LYNN — There’s a method to what seems to be the madness at Story Slam.
Monday’s contest at Lynn Classical gave 11 students a chance to talk, in a three-minute presentation, about different events in their lives. All of them did their best to be entertaining, and they all succeeded.
But everyone associated with the event agreed that if you want to get a good idea of what kids think about, and worry about, let them put it into a short Story Slam vignette.
“Some of them can be pretty poignant,” said Tony Toledo, one of the storytellers present Monday to help move the event along.
“This program empowers the students to share a personal story while learning public speaking,” said Patty Frey, a Classical English teacher/grant writer.
In its eighth year, the slam serves multiple purposes. Aside from being an excellent teaching tool, it affords seniors at Classical one period of light-hearted entertainment. However, the lessons come in unexpected ways.
For example, three consecutive speakers recounted their misadventures with police and crime-solving apparatus.
Rigoberto Espana talked about the day three years ago that he and his friends decided to sneak a few goods out of Walmart — and got caught.
Espana, demonstrating how his hand was shaking as he was being questioned by police, concluded his talk with the admonition, “the moral of the story: don’t steal from Walmart with your friends.”
Immediately after Espana, Joshua Guerrero was up talking about the time he accidentally locked a pair of handcuffs to his wrists, and nobody had the key.
He finally had to have them taken off by a police officer.
“It was the first time I was ever handcuffed,” he said. “And I am never going to be handcuffed again.”
And Jeffrey Fuentes talked about the time he and his friends were skimming rocks along a neighbor’s swimming pool when his stone skimmed a little too much and broke a window. It turned out that a police officer owned the house, and the man gave chase for a while before giving up.

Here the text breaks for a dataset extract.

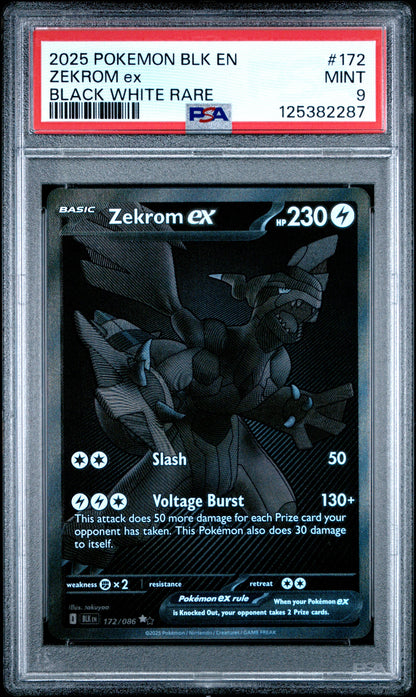 2025 Pokemon Blk En-Black Bolt 172 Zekrom Ex Black White Rare - PSA 9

“It was the first time, and the only time, I’ve been chased by the cops.”
Students performing were asked to stick to one of seven themes: where I am from, epic fail, the first time, lost and found, risky business, rite of passage, says who, and up the family tree.

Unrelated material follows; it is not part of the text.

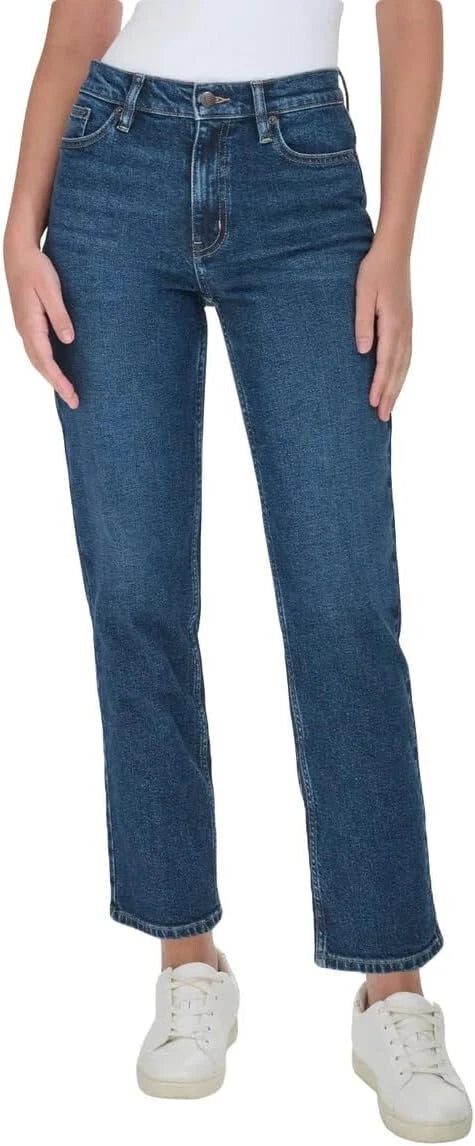 Calvin Klein Women’s High Rise Straight Leg Jeans Dark Blue Size 6 – New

Frey said that part of the English curriculum at Classical is teaching speaking and listening skills. Stories Live is a program that the school has brought into the classroom “that has created a curriculum to teach kids how to speak in public and how to listen,” she said. “It is a motivational program.”

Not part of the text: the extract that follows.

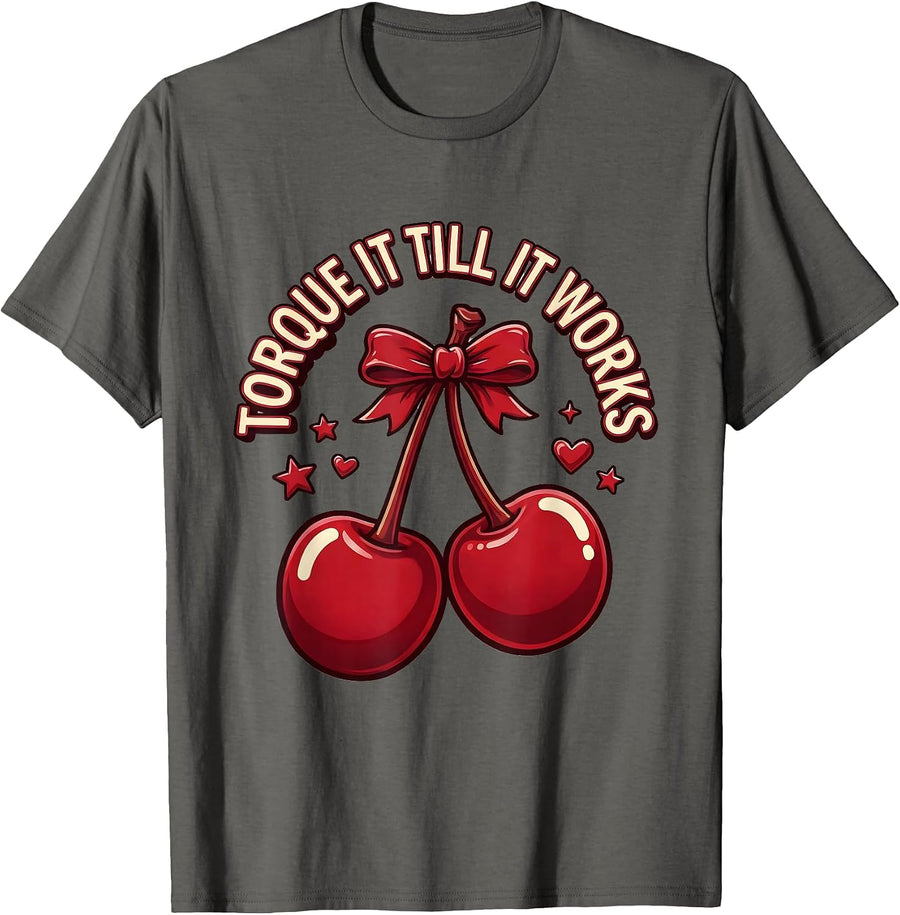 Torque It Till It Works Mechanic Design T-Shirt - Asphalt Grey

The curriculum is a required course, and every student has to deliver a slam in the course of the semester.
“Some of those stories are heart-wrenching,” said Toledo, “particularly when you consider that these kids don’t all know each other that well. They have to dig deep and tell people around themselves.”
Some of the stories were downright funny. Angel Acosta, the first speaker, riffed on getting ketchup on his pants just as he was about to take a date to the movies. He made the situation worse by trying to rub it off with water and a paper towel.
When the date was over, the girl told him, “I had a good time, but I noticed you got a stain on your pants. I wasn’t going to say anything, but it was awkward.”
“I never got a text back from her,” Acosta said. “Who cares?”
Andrew Flarety talked about accompanying his father to work one day at a construction site when he was 8 years old. It was a day full of misadventures, including when his dad — who had narcolepsy — fell asleep near a power saw, then woke with a start when someone turned it on.
At the end of the day, the young Flarety wanted to know why he didn’t get paid.
“Moral of the story?” He said, “Get it in writing.”
Some of the stories focused on personal issues, such as Skyler Crayton’s dilemma while tubing, Anthony Toro’s problems with his bathing suit while he was frolicking at the beach, and Jonathan Ventura’s rant on the condition of the school’s restrooms.
Speakers were judged on several criteria, and award winners will be announced at a later date. Lynn Tech still has to have its contest. The Tech students were supposed to speak with the Classical kids, but ran into logistical difficulties.